In the event of a breach of this purchase covenant, Sublessor may terminate
this sublease and, in addition to the remedies hereinafter offered Sublessor,
Sublessee agrees to pay Sublessor, as liquidated damages, and not as a penalty
or forfeiture, a sum computed as follows:
1. The average weekly purchases from the date of the
agreement to the date of the breach shall be determined;
2. The average weekly purchases so determined shall
then be multiplied by the number of weeks from the date of the breach to the
end of the term of the purchase agreement; and
3. The computed sum shall be multiplied by two and
one-quarter percent (2-1/4 %) to determine the liquidated damages due and
owing Sublessor by reason of Sublessee's default. Said sum shall become
immediately due and owing within 15 days from date of written notice of the
liquidated damages.
(c) Sublessee covenants that as long as this Sublease
remains in effect, and for an additional period of six (6) months thereafter,
Sublessee shall not directly or indirectly sell or permit the sale of the
store and the owners of Sublessee shall not directly or indirectly sell
controlling interests in Sublessee (whether in one or a series of related
transactions) without first offering to sell said store or controlling
interest, as the case may be, to Sublessor upon the same terms and conditions
as the Sublessees or their owners, as the case may be, are prepared to accept
from a third party. Prior to such sale by the Sublessees or their owners, the
Sublessees shall first notify Sublessor of the desire to sell the store or
controlling interest in the Sublessees and of all the terms and conditions of
such sale and shall provide to Sublessor all documents, instruments,
agreements, offers, acceptances, appraisals, inventories, equipment lists,
leases, financial statements and such other material and information in
Sublessee's possession as Sublessor may reasonably request to aid in its
decision to exercise or decline its right to purchase as hereinafter provided.
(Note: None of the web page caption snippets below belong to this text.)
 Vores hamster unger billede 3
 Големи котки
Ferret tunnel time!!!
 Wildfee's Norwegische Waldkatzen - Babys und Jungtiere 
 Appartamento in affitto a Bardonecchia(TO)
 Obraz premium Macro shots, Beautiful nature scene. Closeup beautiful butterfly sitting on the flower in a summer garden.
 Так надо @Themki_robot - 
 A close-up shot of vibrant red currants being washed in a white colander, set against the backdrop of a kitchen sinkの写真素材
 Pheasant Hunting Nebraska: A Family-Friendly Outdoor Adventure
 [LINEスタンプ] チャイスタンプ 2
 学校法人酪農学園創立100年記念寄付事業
Within 30 days following receipt of such notice of desire to sell and all
materials and information reasonably requested by Sublessor, Sublessor shall
advise Sublessee whether Sublessor elects to purchase or declines to purchase
the store or such controlling interest upon the offered terms and conditions.
If Sublessor shall elect to purchase, Sublessor shall purchase and the
Sublessees or their owners shall sell, such retail grocery business or such
controlling interest, as the case may be, all on the terms set forth in the
offer. If Sublessor declines the purchase, the Sublessees or their owners
shall be free to sell the store or controlling interest, as the case may be,
upon (and only upon) the terms and conditions offered as aforesaid to
Sublessor; provided that such sale is consummated within 120 days following
the date Sublessor declined the purchase, and if such sale is not consummated
in accordance with the offered terms and conditions within said 120-day
period, the provisions of this paragraph shall apply again and no subsequent
sale of any portion of the offered store or controlling interest may be
effected without again offering the same to Sublessor as provided herein.
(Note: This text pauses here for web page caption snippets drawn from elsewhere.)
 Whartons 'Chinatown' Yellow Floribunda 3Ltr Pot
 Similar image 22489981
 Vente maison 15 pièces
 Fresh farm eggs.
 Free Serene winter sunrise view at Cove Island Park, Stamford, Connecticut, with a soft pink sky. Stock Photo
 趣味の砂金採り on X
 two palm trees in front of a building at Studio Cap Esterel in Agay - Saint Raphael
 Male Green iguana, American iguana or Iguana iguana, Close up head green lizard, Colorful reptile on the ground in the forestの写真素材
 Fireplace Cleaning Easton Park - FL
Sublessor may waive its rights under this section provided such waiver is in
writing. The foregoing provisions shall not apply to transfers of assets or
interests by sale, gift or as a result of death to the lawful issue or
immediate family members of Sublessees, or transfers of assets to a
corporation or partnership or transfers of a controlling interest to a trust
as long as such corporation, partnership or trust is controlled by the
transferor; provided such transferee agrees that it holds such assets or
controlling interest subject to the restrictions contained in this paragraph.
(d) Sublessees represent and warrant that there are no
brokers, finders or other persons entitled to any fee, commission or other
compensation in connection with this Sublease, and agree to hold Sublessor
harmless from any claims for such fees, commissions and/or compensation.
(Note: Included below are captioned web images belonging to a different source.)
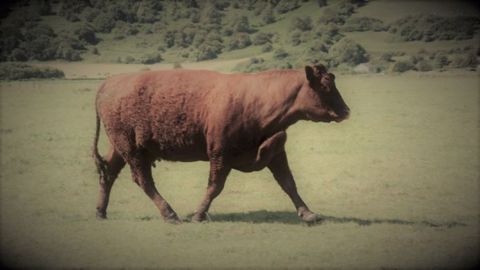 Conjoncture viande bovine : les cours des femelles se maintiennent mais ceux des JB ne remontent pas.(©Terre-net Média) Conjoncture viande bovine : les cours des femelles se maintiennent mais ceux des JB ne remontent pas.(©Terre-net Média)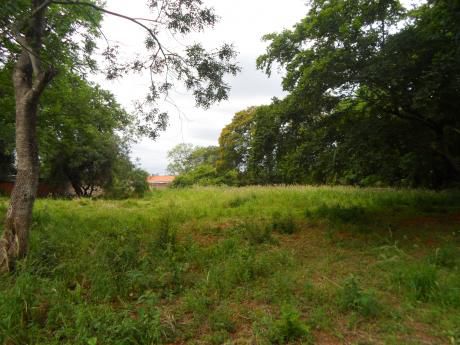 Terreno En La Ciudad De Luque – Barrio Laurelty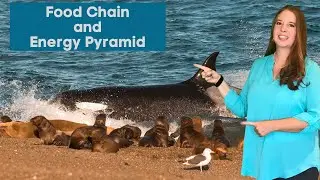 Food Chain and Energy Flow in an Ecosystem: Producers, Consumers, and Decomposers
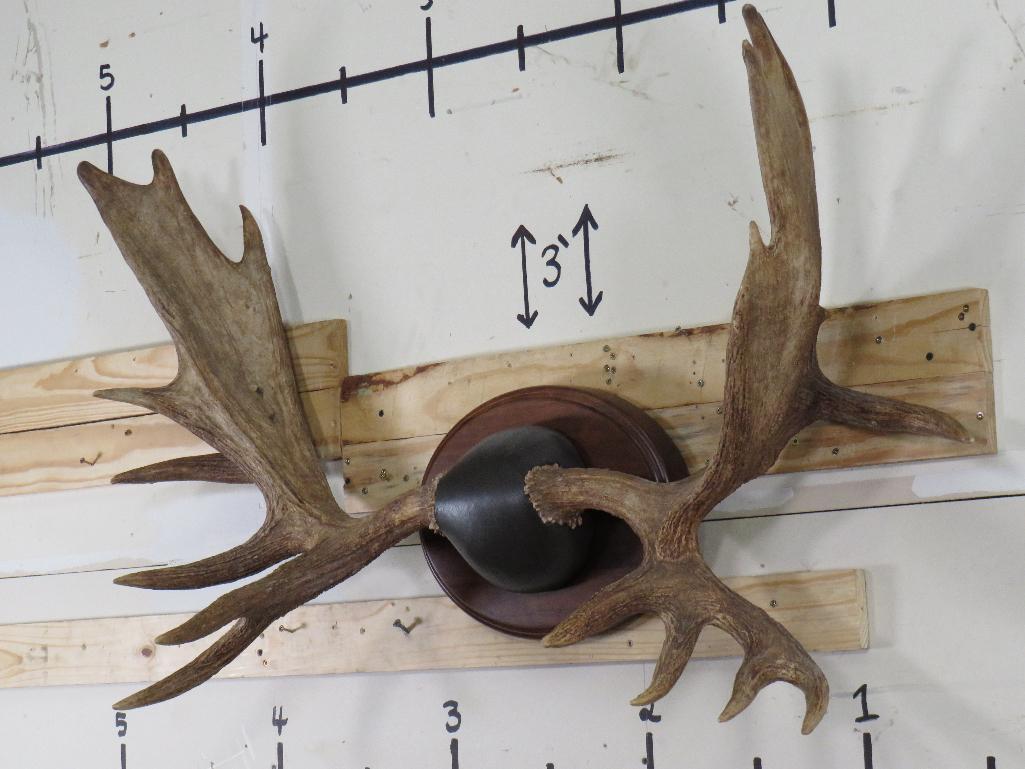 Big Moose Rack on Nice Plaque 52" Spread TAXIDERMY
(e) Sublessees hereby represent and warrant to Sublessor
that the financial statements, appraisals and other documents submitted to
Sublessor in connection herewith or pursuant hereto are and shall be true,
correct, complete and accurate in every respect and said financial statements
fairly and accurately present the assets, liabilities, financial condition and
results of operations reflected herein.
(5) Security Agreement.
5.1 Grant, Collateral and Obligations. Sublessees and
Sublessor agree that this Sublease shall constitute a security agreement
within the meaning of the California Uniform Commercial Code (hereinafter
referred to as the "Code") with respect to:
(a) required cash deposits (as defined in the Bylaws
of Sublessor) presently or hereafter held by or deposited with Sublessor by
Sublessees;
(b) any and all patronage rebates and rebate notes
representing patronage rebates (as defined in the Bylaws of Sublessor) earned
or hereafter earned by reason of patronage of Sublessor by Sublessees;
(c) subject to liens securing purchase money
financing therefor as described in Exhibit "X," all trade, store and other
fixtures and all leasehold improvements and all equipment and other personal
property of Sublessee used or useful in the operation of the store in or on
the premises, whether now owned or hereafter acquired including, without
limitation, the property described in Exhibit "Y", attached hereto, if any;
and
(d) all replacements of substitutions for, and
additions to the foregoing, and the proceeds thereof (all of said personal
property and the replacements, substitutions and additions thereto and the
proceeds thereof being sometimes hereinafter collectively referred to as the
"Collateral"), and that a security interest in and to the Collateral is hereby
granted to the Sublessor, and the Collateral and all of the Sublessee's right,
title and interest therein are hereby assigned to the Sublessor, all to secure
all presently existing or hereafter incurred direct, indirect, absolute or
contingent indebtedness, liabilities and other obligations of Sublessee to
Sublessor (referred to as "the Obligations" herein) including, but not limited
to, the payment of all rent and other sums and the performance of all other
obligations of Sublessee under this Sublease, all renewals and extensions
thereof, the price of goods, services and merchandise purchased by Sublessees
from Sublessor from time to time, and all costs of collection, legal expenses
and attorneys' fees paid or incurred by Sublessor in enforcing any rights in
respect to the Obligations or in connection with assembling, collecting,
selling or otherwise dealing with or realizing upon the Collateral.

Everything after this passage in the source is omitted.